Global default hash function override for HashMap and HashSet

michaeleisel · May 14, 2024, 8:43pm

Although Rust's default hash function (SipHash) is good in that it's DOS resistant, it's much slower than many high-quality, non-cryptographic functions out there. For many problem domains, DOS resistance isn't a concern, meaning devs in these areas are paying a performance price for something they don't ever benefit from. There are many programs that have lots and lots of HashMaps and HashSets without any need for any of them to be DOS resistant.

I propose that Rust allow developers to override the default hash function globally, perhaps in a similar way as they currently override the default allocator. This would allow developers to choose a better hash function for their needs without having to change the type signature for every single occurrence of HashMap/HashSet.

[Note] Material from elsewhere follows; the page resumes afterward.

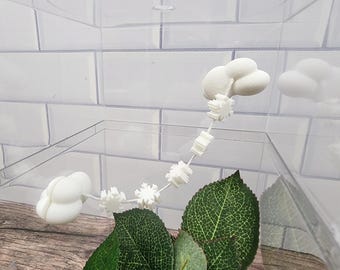 Snöflinga hoppande spindel molnbro, vinterdekor, spindelrep, hoppspindeltillbehör, 3D-printad snö, neodymmagnetisk brygga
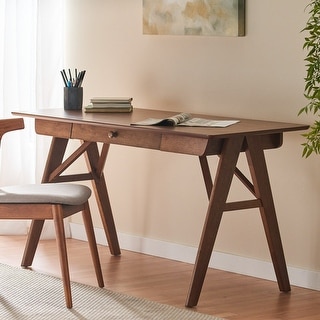 Wood Office Desk with Drawer, Mid-Century Modern, Walnut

chrefr · May 14, 2024, 9:39pm

But the choice of whether some code needs HashDOS-resistant hashing function is not global, it's per map. So changing it globally can affect places where it was meant to be secure.

The only viable way I see to do that is to provide a GuaranteedDosResistant hasher, but at that point we can just always make the default hasher fast, and it doesn't solve the original motivation - protecting people that do not know they need to secure that. Also, it's a breaking change to require a specific hash for this.

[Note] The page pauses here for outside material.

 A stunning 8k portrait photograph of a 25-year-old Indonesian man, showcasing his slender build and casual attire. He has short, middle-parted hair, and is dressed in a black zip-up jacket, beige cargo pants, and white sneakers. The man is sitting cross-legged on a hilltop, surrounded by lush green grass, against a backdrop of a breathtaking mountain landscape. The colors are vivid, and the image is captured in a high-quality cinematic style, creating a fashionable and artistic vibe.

pitaj · May 14, 2024, 10:29pm

Yeah I don't think this should be a global toggle.

What we can do instead is add a clippy restriction lint that triggers on HashMaps that don't manually specify a hasher.

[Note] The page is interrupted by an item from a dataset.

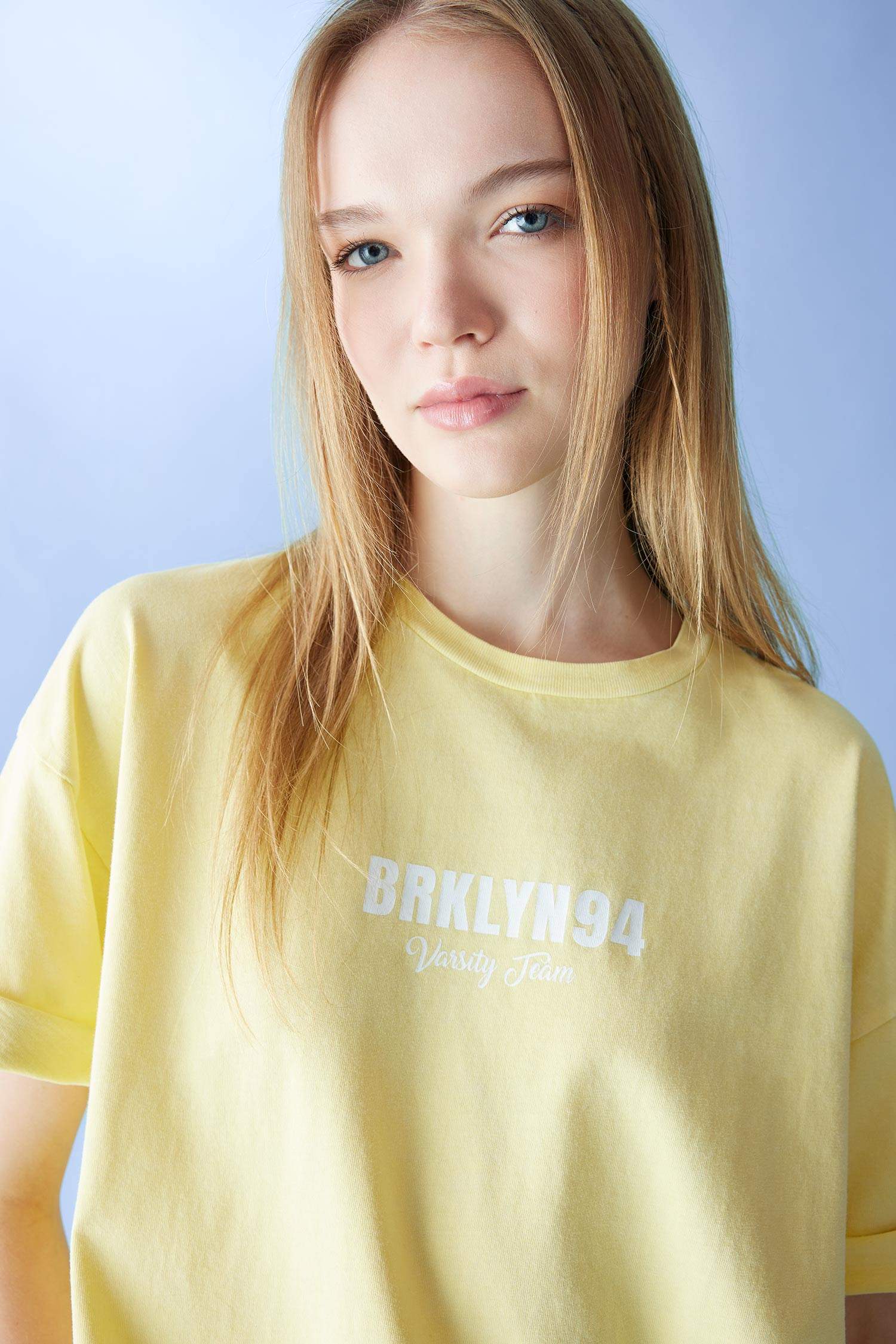 Oversize Fit Crew Neck Printed Short Sleeve T-Shirt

Then you can turn on this lint in your repository if you want to be forced to make a decision for every HashMap you use.

michaeleisel · May 14, 2024, 11:15pm

People would still be able to set the hash function on a per map/set basis, the only thing changing here would be the default that it falls back to if they don't. And yes, changing it globally would affect places where it was meant to be secure, but the developer would be well aware of that. The point here is that, for many applications, there are few to no places where it's meant to be secure, and migration (changing those few-to-none places to use the SipHash hasher) would be easy.

pitaj · May 15, 2024, 1:15am

HashMap is already something you have to manually import. You can always create a type alias for the "fast version" and use that everywhere in your program.

kornel · May 15, 2024, 1:17am

I agree. This would be super useful.

I'm trying to use fxhash and ahash in my code, but I can't easily configure all my dependencies, and incompatibilities between crate interfaces are annoying.

Even though Rust code can be hasher-agnostic in theory, in practice this makes type inference fail too often, and makes struct and function definitions look more complicated.

Another usecase would be for people new to Rust who benchmark it against other languages. Rust can look slow compared to implementations that use weaker hashers, and trying a global built-in option is easier to recommend than changing code to use 3rd party crates.

It's hard to argue for a globally "less secure" option, because it's impossible to prove that any hypothetical program will never encounter any malicious data. It's always possible to imagine some convoluted counter-example scenario.

However, more pragmatically, people building executables can judge what is the likelihood of such attack happening, and whether the consequences are bad enough to pay the performance cost.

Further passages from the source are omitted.